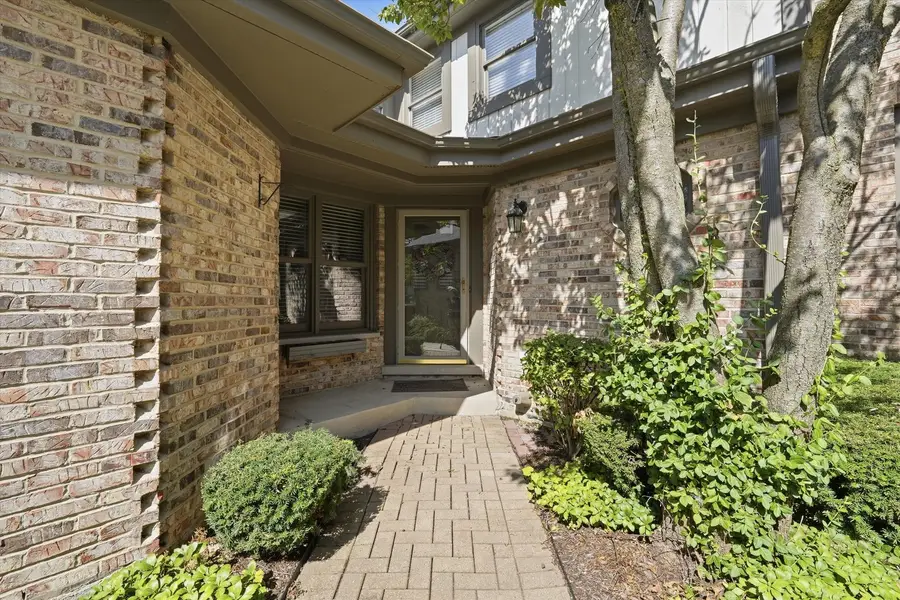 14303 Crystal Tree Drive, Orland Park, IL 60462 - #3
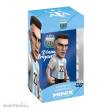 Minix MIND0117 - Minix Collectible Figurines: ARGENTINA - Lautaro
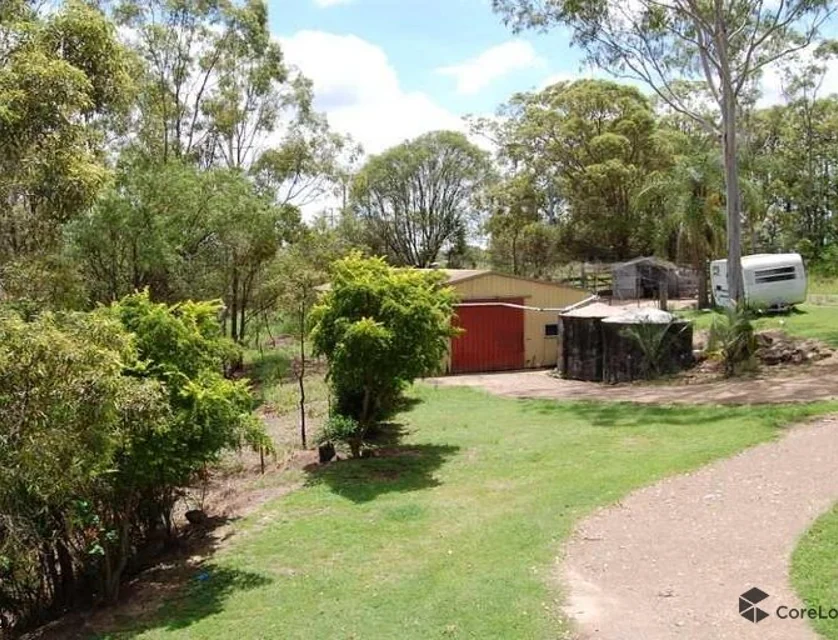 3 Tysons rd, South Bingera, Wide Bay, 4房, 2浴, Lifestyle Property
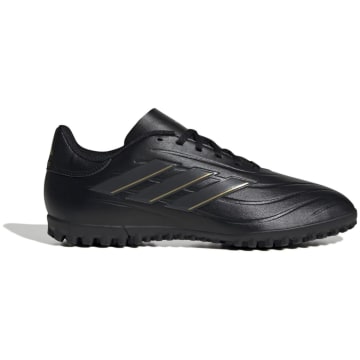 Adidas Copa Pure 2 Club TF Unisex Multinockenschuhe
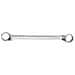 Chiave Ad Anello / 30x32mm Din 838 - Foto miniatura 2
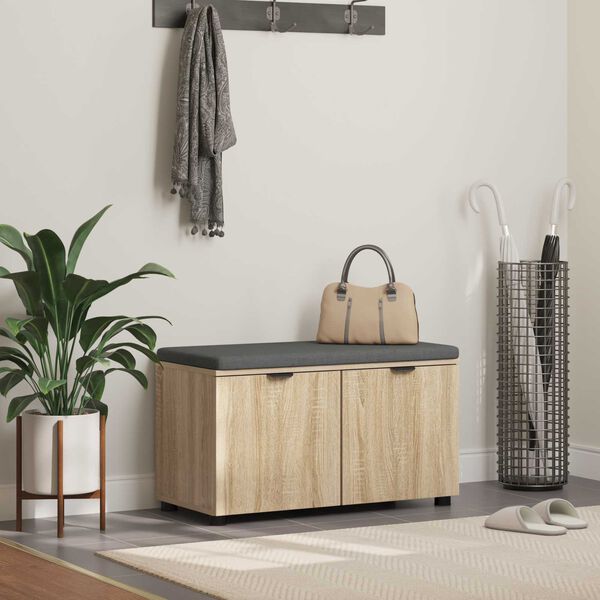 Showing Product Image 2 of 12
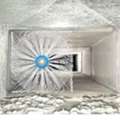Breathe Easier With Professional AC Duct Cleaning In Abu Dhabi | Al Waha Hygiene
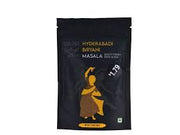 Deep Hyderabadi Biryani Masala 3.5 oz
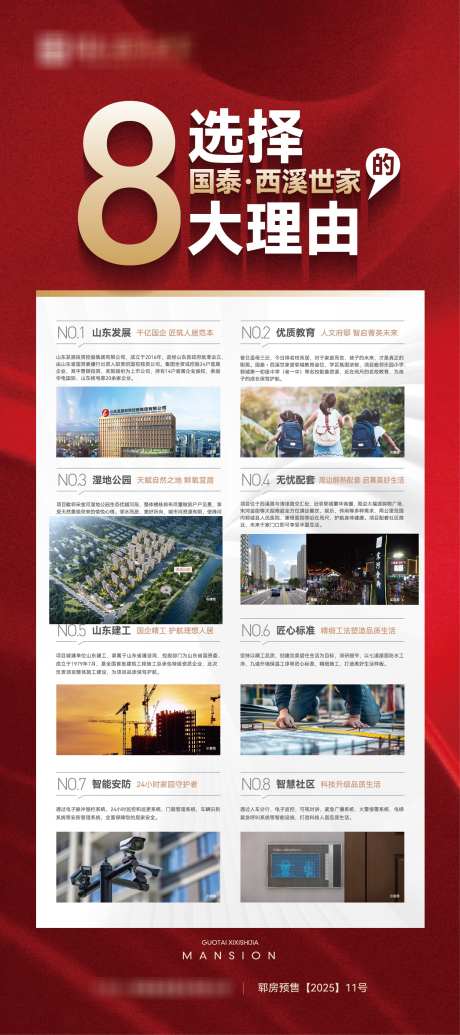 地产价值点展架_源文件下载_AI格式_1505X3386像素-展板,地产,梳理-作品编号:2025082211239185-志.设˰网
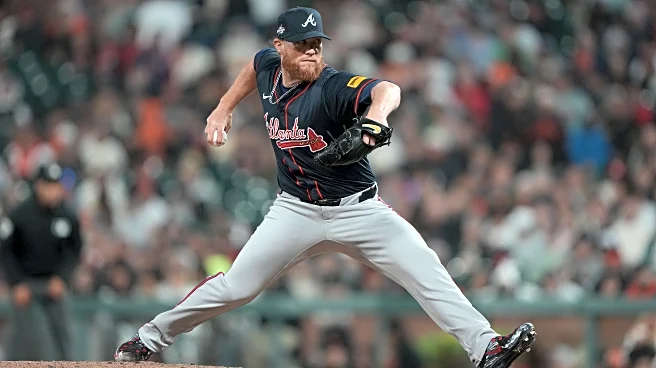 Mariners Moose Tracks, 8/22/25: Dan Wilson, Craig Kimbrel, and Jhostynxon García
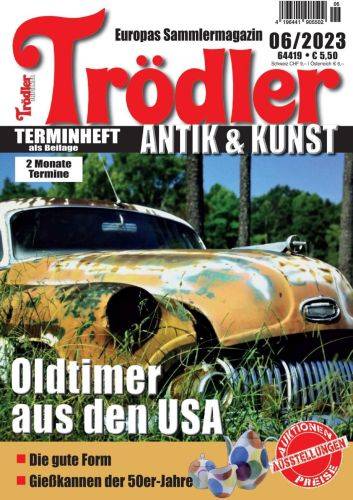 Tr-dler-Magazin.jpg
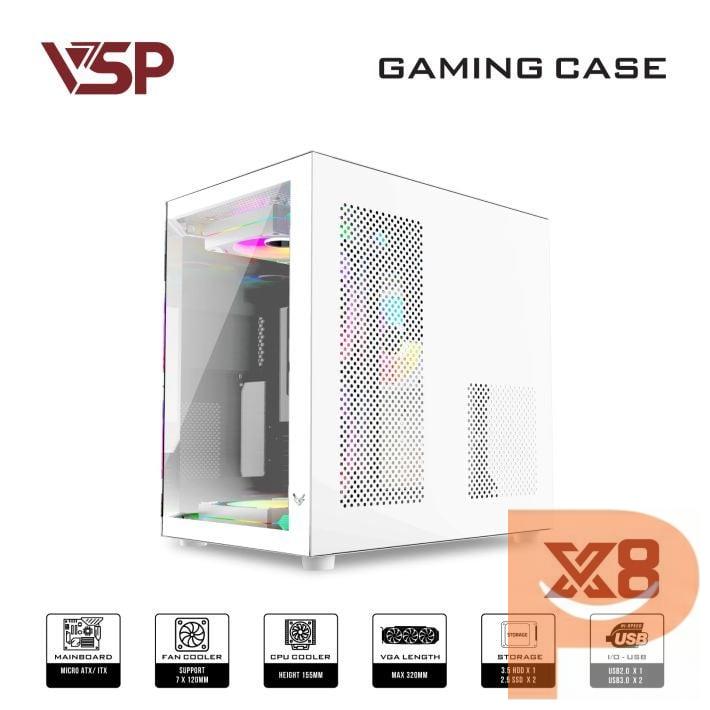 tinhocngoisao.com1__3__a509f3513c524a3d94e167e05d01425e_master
##########
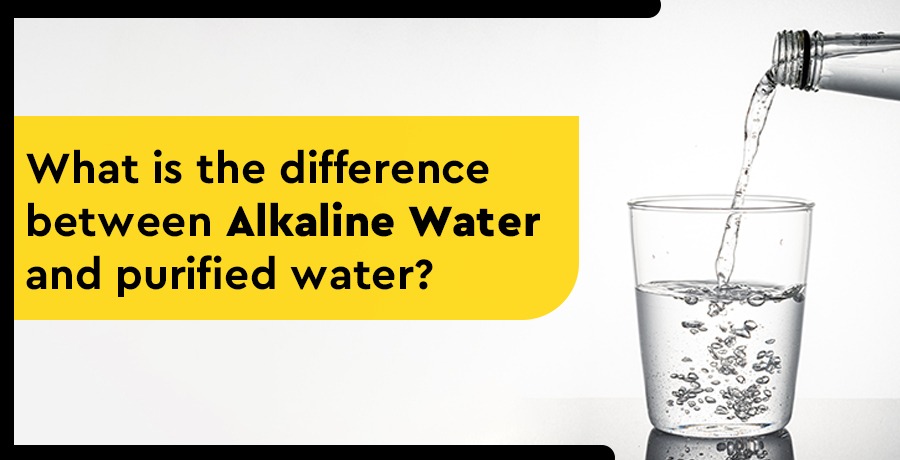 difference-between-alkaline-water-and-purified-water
##########
Assignment: Skipping the pictures, print the lines in the listing above exactly as written, starting at the line with "14303 Crystal Tree" and ending at the line with "Showing Product Image 2 of 12", both included.

Task output:
 14303 Crystal Tree Drive, Orland Park, IL 60462 - #3
 Minix MIND0117 - Minix Collectible Figurines: ARGENTINA - Lautaro
 3 Tysons rd, South Bingera, Wide Bay, 4房, 2浴, Lifestyle Property
 Adidas Copa Pure 2 Club TF Unisex Multinockenschuhe
 Chiave Ad Anello / 30x32mm Din 838 - Foto miniatura 2
 Showing Product Image 2 of 12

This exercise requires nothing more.